Und genauso bei den andern Seligpreisungen. Sie sagen in Merkversen, wie einer lebt, der auf den nahen Gott setzt. Die heilige Teresa von Avila hat das Geheimnis der Seligpreisungen auf ihre Weise in drei Worten zusammengefasst: Dio solo basta! Gott allein genügt. Er ist groß genug, um mich über das Gewoge des Schicksals emporzuhalten, damit ich nicht untergehe. Das hat Jesus gesagt. An ihn, Gottes Wort mit Name und Gesicht, kann ich mich halten. Sein Wort ist die Arche, die über die Abgründe trägt. Es ist gut, es immer bei sich zu haben, am besten auswendig.
V
Jetzt verstehen Sie auch: Das heimliche Grundwort der Seligpreisungen heißt nicht: Du musst tun!, sondern: Du darfst sein. Du musst dir nichts vormachen, musst dich nicht mit Ellenbogen durchsetzen. Du darfst „ja“ sagen zum Leben auch dort, wo du seine Armseligkeit spürst, wo dich Trauer bedrückt. Du musst nicht angstvoll darüber wachen, nur ja zu deinem Teil zu kommen, du kannst gütig und gerecht sein, ohne dich zu verlieren. Das alles darfst du und kannst du, weil Gott dich trägt.

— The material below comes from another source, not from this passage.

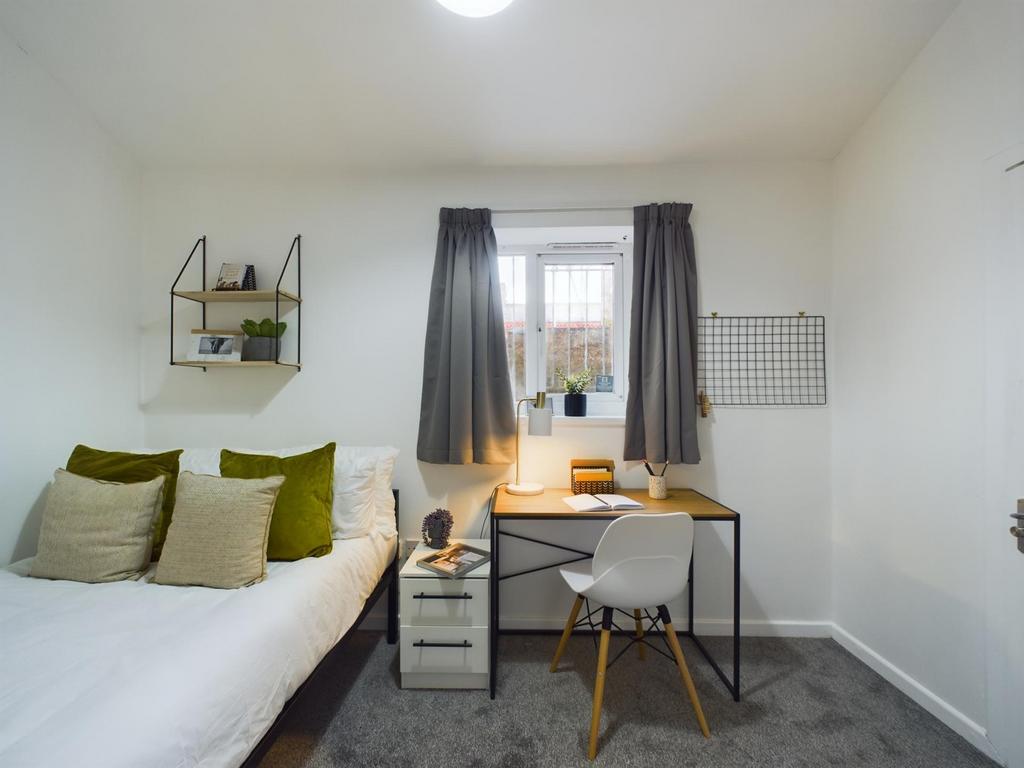 A stylish and inviting double bedroom featuring...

Das einzige, was es von unserer Seite dazu braucht: Dass wir Jesu Worten trauen, bis wir ihm glauben. Es gibt so etwas wie eine praktische Gegenprobe, ob wahr ist, was er sagt: Sie besteht darin, so zu sein und zu leben, wie die Seligpreisungen sagen. Wenn sie wahr sind, werden wir von selbst erfahren, was „selig sein“ heißt.